*Problem description*
Line by line, output everything from the one that contains "Vampirella (2019-) issue 2 - Page 23" through the end of the material below, exactly as written and with no pictures.

*The data*
┄┄┄┄┄┄
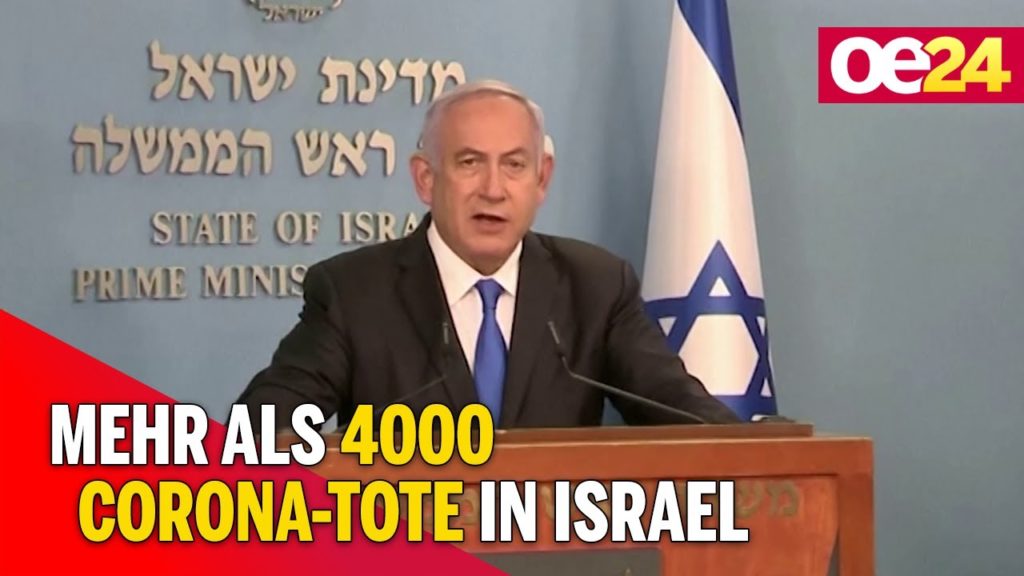 Mehr als 4000 Corona-Tote in Israel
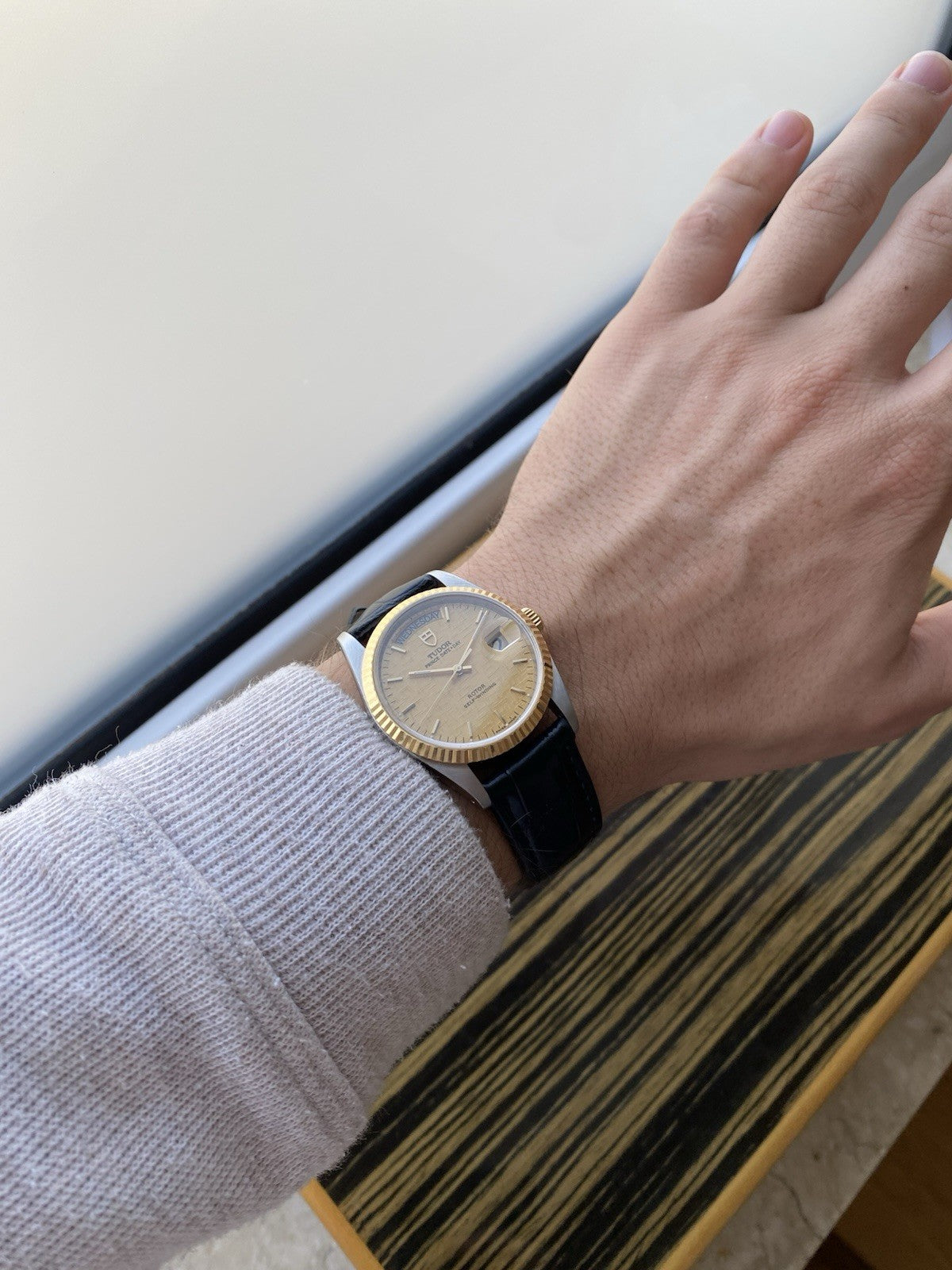 Tudor Prince Date + Day  Automatic 36mm Watch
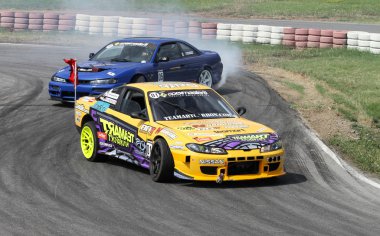 Apex Türk Drift serisi Izmit yarış ustaları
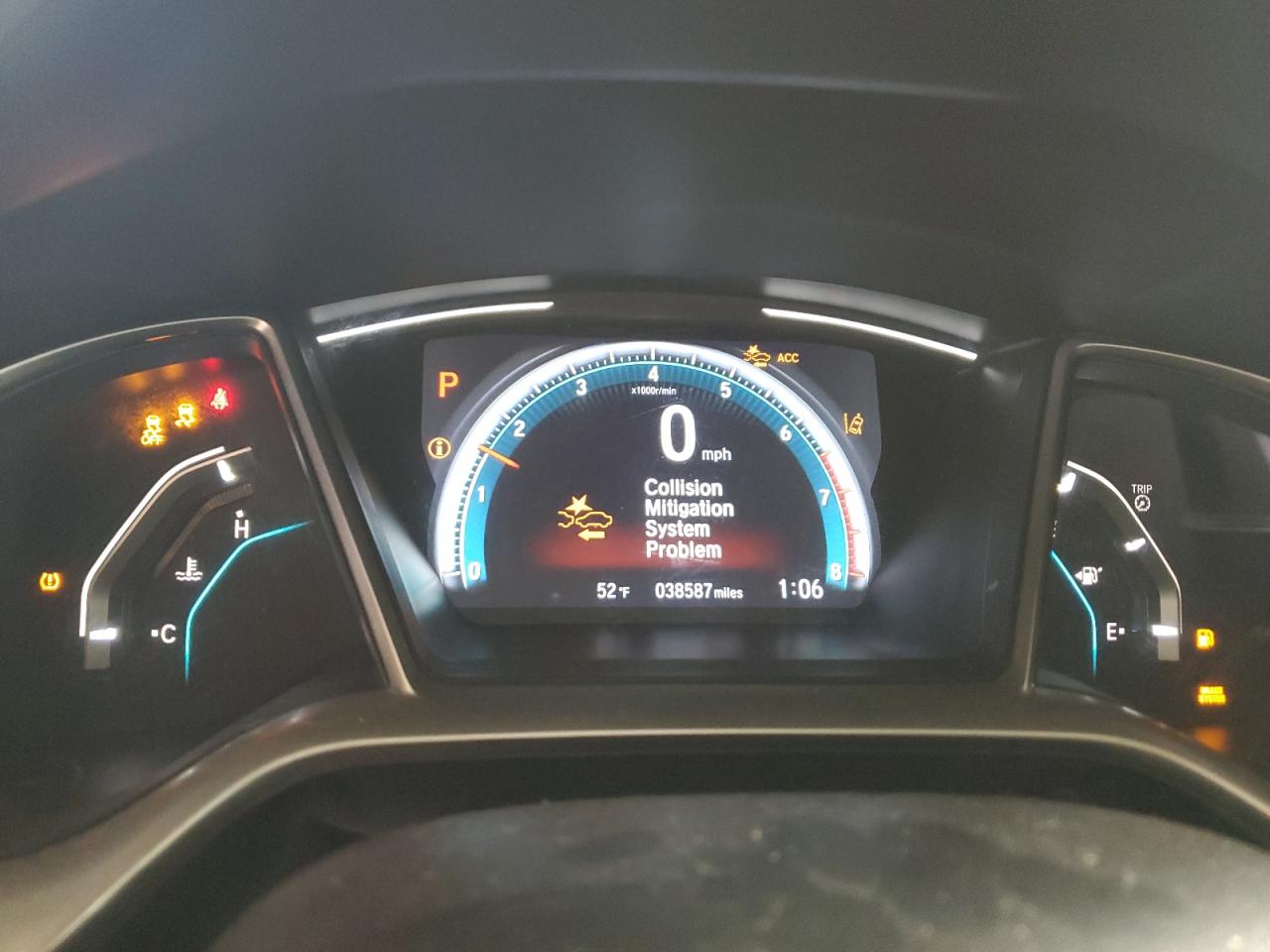 19XFC1F78LE204052 HONDA CIVIC 2020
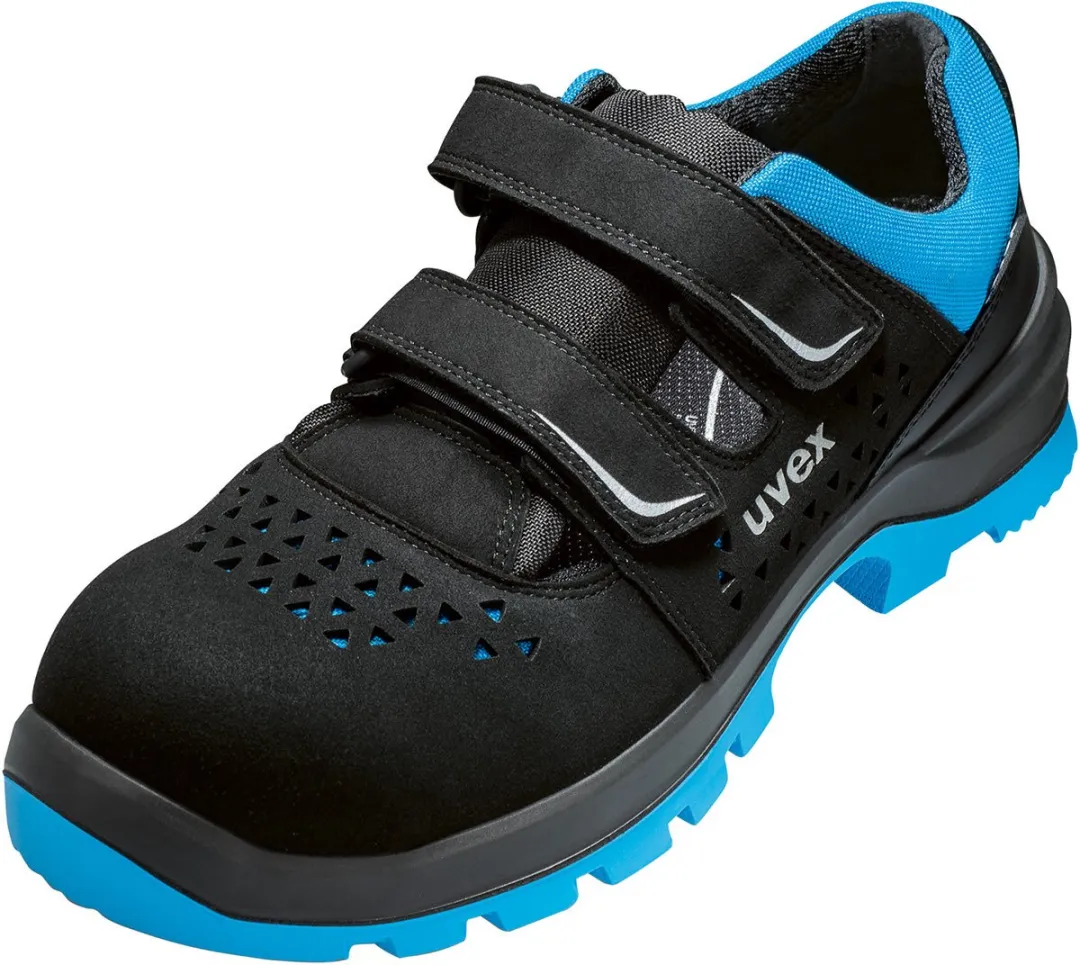 Uvex 2 Xenova S1P Sandalen 95532 - 40 - Schwarz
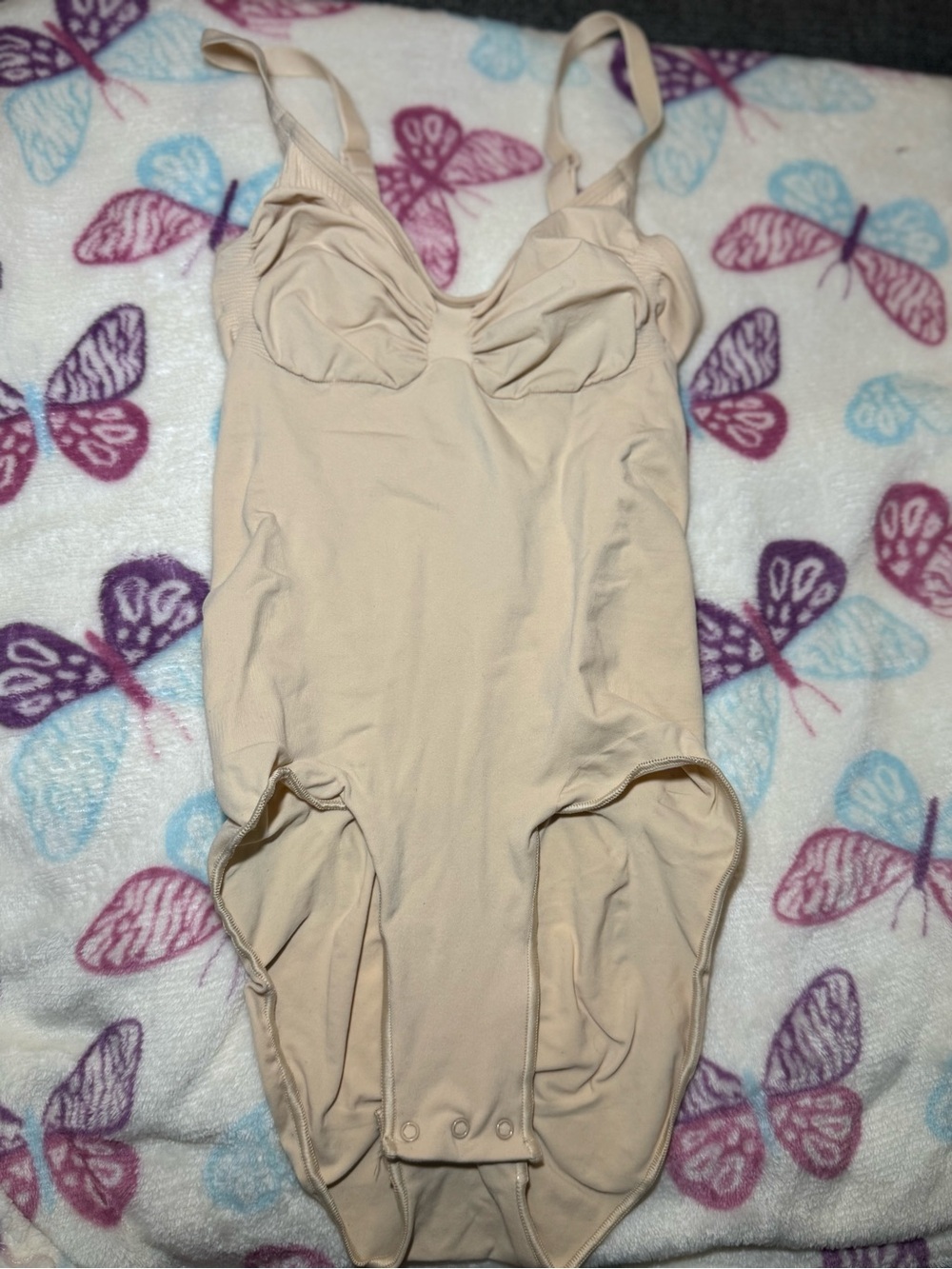 SKIMS Snatched Fit Seamless Sculpt Brief Bodysuit
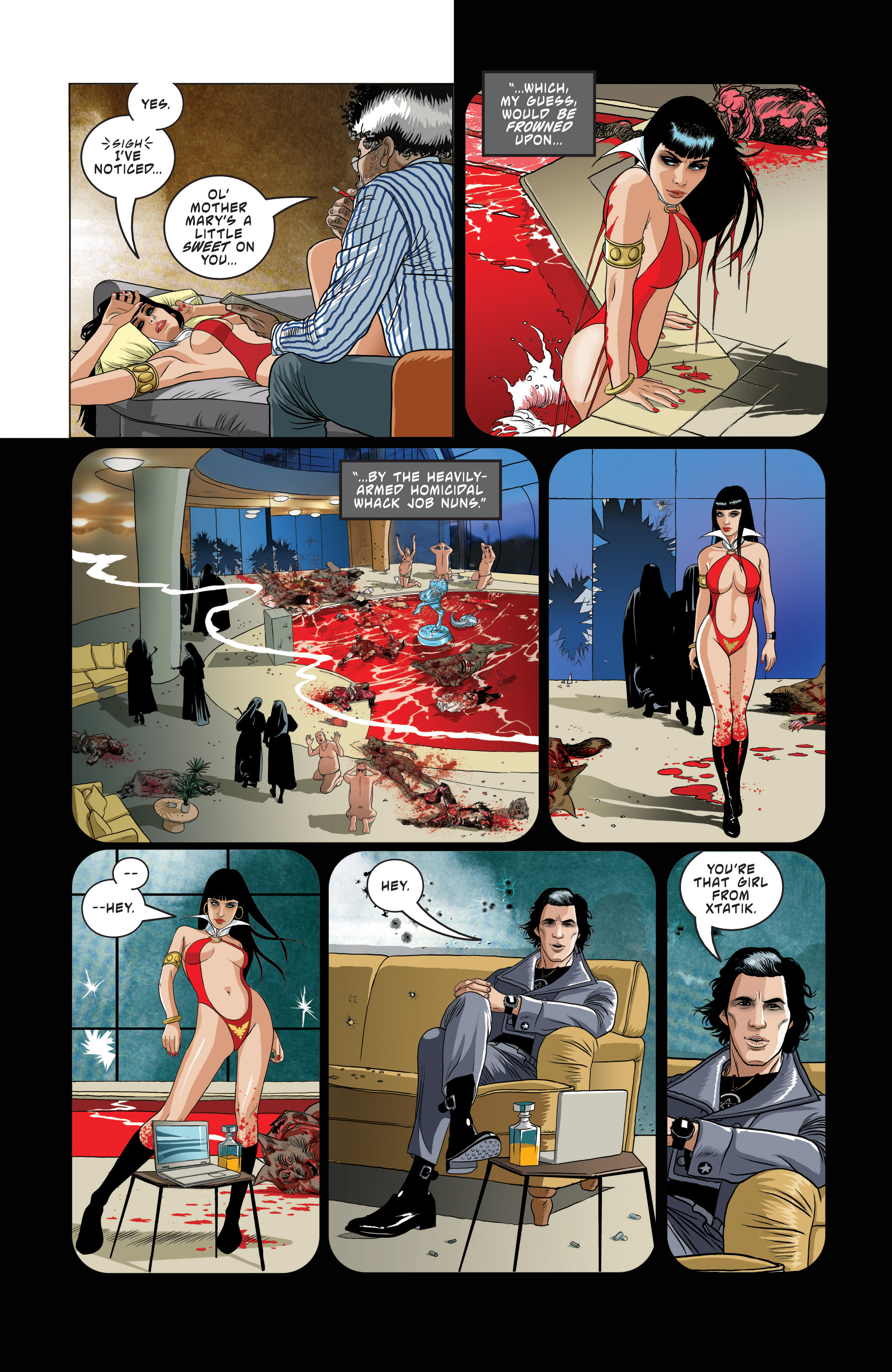 Vampirella (2019-) issue 2 - Page 23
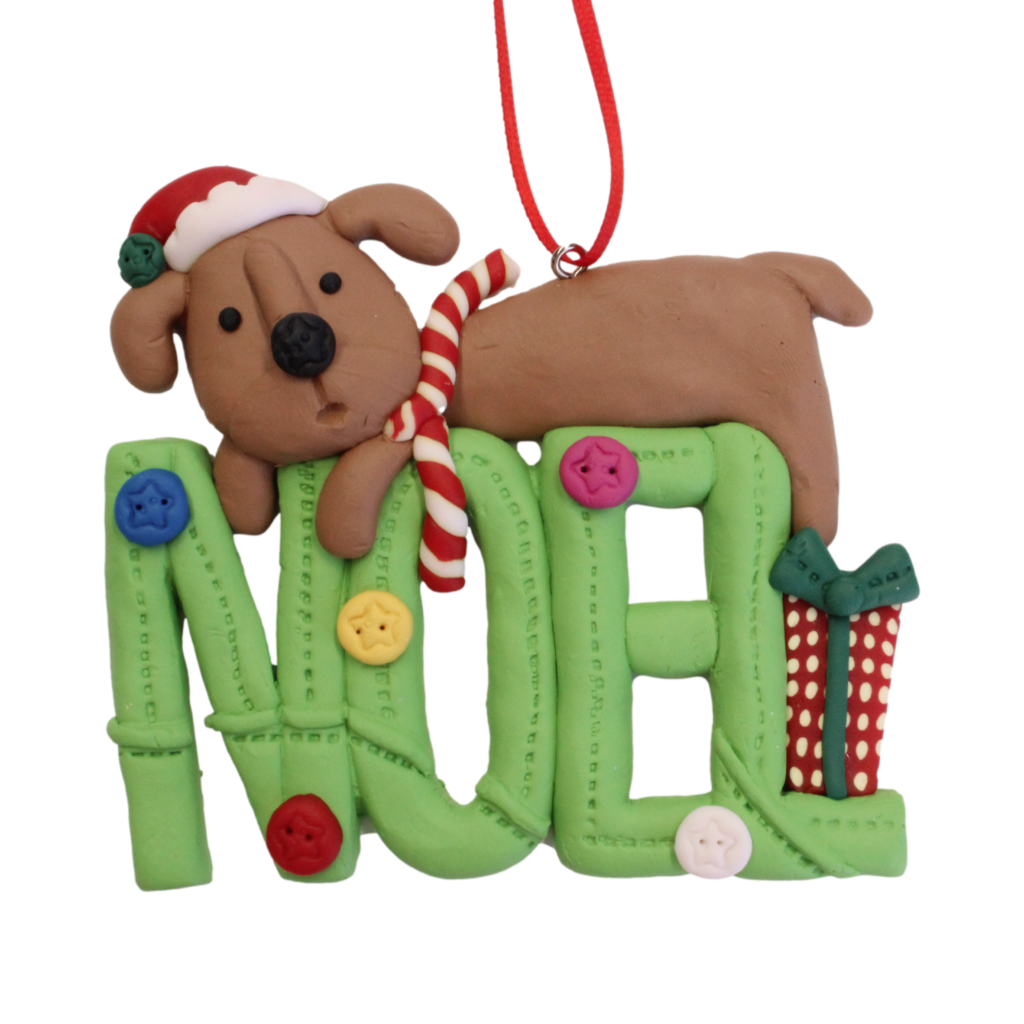 Dog On Noel Christmas Heirloom Company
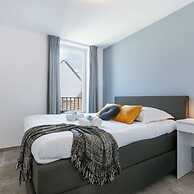 Modern Apartment With Sunny Terrace in Ostend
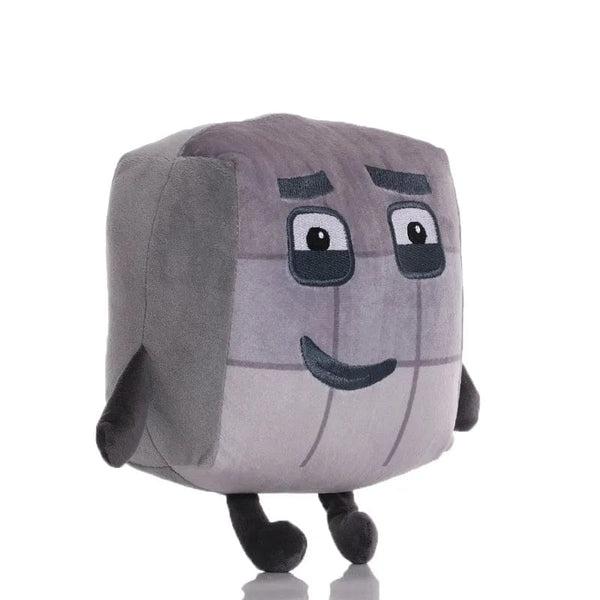 Planet Gates 05 14-18cm Cartoon Number Plush Doll Toys Educational Stuffed Movie Anime Kids Early Childhood Birthday Christmas Gift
┄┄┄┄┄┄
*Response area*
 Vampirella (2019-) issue 2 - Page 23
 Dog On Noel Christmas Heirloom Company
 Modern Apartment With Sunny Terrace in Ostend
 Planet Gates 05 14-18cm Cartoon Number Plush Doll Toys Educational Stuffed Movie Anime Kids Early Childhood Birthday Christmas Gift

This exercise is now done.